Brig. Gen. Ali Khan was given a 5-year jail sentence while the other officers -- all majors -- received sentences of 18 months to three years.
Although the suspects were found guilty, the military has remained silent on the subject of which organization the officers allegedly had had links, a report by The Nation newspaper said.
The other officers convicted to "rigorous imprisonment" are Sohail Akbar, who was sentenced to three years, two years to Jawad Baseer and 18 months each to Inayat Aziz and another major called Iftikhar.
"All five accused have been convicted ... for having links with a proscribed organization," the military's news agency Inter Services Public Relations said.
The five army officers were detained by military intelligence agencies last year after months of surveillance amid suspicions that they had direct links to the Sunni Muslim group Hizb ut-Tahrir, a banned organisation in Pakistan, The Nation report said.
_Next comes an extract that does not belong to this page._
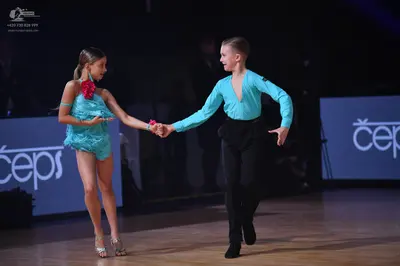 Dancesport competitor: Female dancer: turquoise latin dress with a large pink flower accessory on the s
Hizb-ut-Tahrir deputy spokesman Imran Yousufzai wouldn't confirm that the organization was the group connected with the trial, The Nation said.
"As policy, we neither confirm nor deny such news," he said.
Hizb ut-Tahrir was banned in 2003 by former President Pervez Musharraf, who said the organization was connected with planned attempts to assassinate him, The Nation said.
The sentence for Khan, 60, comes at the end of a long military career. His father and brothers have been in the military and he has a brother who is a colonel in military intelligence. One of his sons and a son-in-law are army officers.
Kahn's last posting was to the Regulation Directorate at General Headquarters in Rawalpindi near Islamabad in May 2009.
He later reportedly came under the surveillance of Inter-Services Intelligence and Military Intelligence and was picked up at his home in May last year.
His arrest came a month before he was to retire and just four days after the U.S. attack that killed al-Qaida leader Osama bin Laden, who was living in the garrison town of Abbottabad.
Khan had been highly critical of the Pakistani army command over its relationship with the United States, a report by the BBC said.
In his statement to the court, he said was being victimized for criticizing Pakistani officers for allowing Osama bin Laden to live in Pakistan and then allowing the United States to launch an attack to kill him, the BBC said.
Hizb ut-Tahrir, founded in Jerusalem in 1953 and with a strong U.K. presence, clandestinely dropped pamphlets in military cantonments after the bin Laden raid, The Wall Street Journal reported after Khan's arrest.
The pamphlets called for the establishment of an Islamic caliphate and urged soldiers to rise against military leaders who allowed the U.S. operation against bin Laden.